The Conservative MP, who was responsible for Zimbabwe at the Foreign Office between 2014 and 2016, said he would try to press Theresa May on the issue at Prime Minister's Questions on Wednesday.
He will look for answers on what support the UK can provide to civil institutions that have been "ripped apart" under Mugabe, and said he hoped diplomatic, political and economic help would "flood in".
But he stressed it would be inappropriate for the UK to support a coup, as Zimbabwe's army detained Mugabe and his wife Grace and secured government offices after a night of unrest in which it took over the state broadcaster.

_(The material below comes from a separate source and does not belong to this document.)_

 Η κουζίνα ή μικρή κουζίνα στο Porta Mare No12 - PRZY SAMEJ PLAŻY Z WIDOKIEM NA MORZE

Mr Duddridge told the Press Association: "I intend to try to catch the Speaker's eye and raise a question at Prime Minister's Questions to ask what economic and physical support we can give, because the civil institutions of Zimbabwe have progressively over the last 40 years been ripped apart.

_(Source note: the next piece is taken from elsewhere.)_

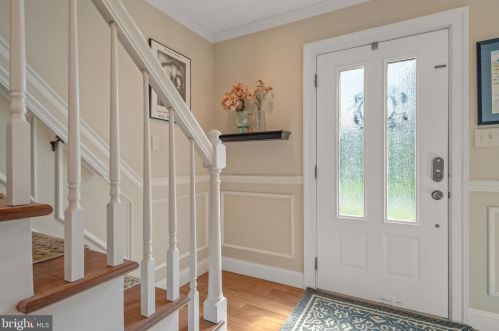 1827 Krystle Dr, Lancaster PA  17602-4149 exterior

"And I would hope that the UK has a plan to deal with this type of scenario to flood in extra political support, diplomatic support, but also crucially economic support to allow that country to prosper.
"The British Government should support the Zimbabwean people to bring the whole thing to a conclusion and chart a way forward.
"It is for the Zimbabwean people to chart a way forward, not Her Majesty's Government.
"But I think they are doing that, they will do that, and we will support them coming out of what has been a rather nasty dictatorship by one man to a slightly more functioning democracy, probably transitioning by a government of national unity.
"But it may very well be that we need to provide support in the transition to maintain stability - that is in the Zimbabwean people's interests, it is in the British national interest."
Mr Duddridge, who worked as a banker in Swaziland and Botswana, which neighbour Zimbabwe, and was secretary of the all-party parliamentary group on Zimbabwe, said it was a "crucial time" for the country and region.
He said Zimbabwe, formerly known as the breadbasket of Africa, could again be a "powerhouse" in southern Africa "if it regenerates democratically and economically".
"So I very much hope for a bloodless and peaceful transition from an autocratic dictator, who has served his time and needs to move on, to a more democratic, open nation state that will trade and prosper and start to rejuvenate the Zimbabwean people.
"There's always a concern when there's a transition of power but we must remember Mugabe is loved by many people around Africa as a revolutionary leader.
"But he's morphed from that into a rather distasteful dictator who has abused his position.
"Providing Mugabe with a soft landing outside of Zimbabwe which, whilst is distasteful given everything that he has done and has been done in his name, will allow for a less bloody transition."
Shadow foreign secretary Emily Thornberry said: "The situation in Zimbabwe remains highly volatile, and we urge the UK Government to continue providing every assistance necessary to British nationals currently in the country.
"Amid the uncertainty of these ongoing events, three things are clear: first, a descent into violence, recrimination and reprisals from any direction must be avoided at all costs; second, the continuation of authoritarian rule does not represent a sustainable way forward for Zimbabwe, no matter which faction ends up in control; and third, it must ultimately be for the Zimbabwean people to determine their own future government through free, peaceful and democratic elections."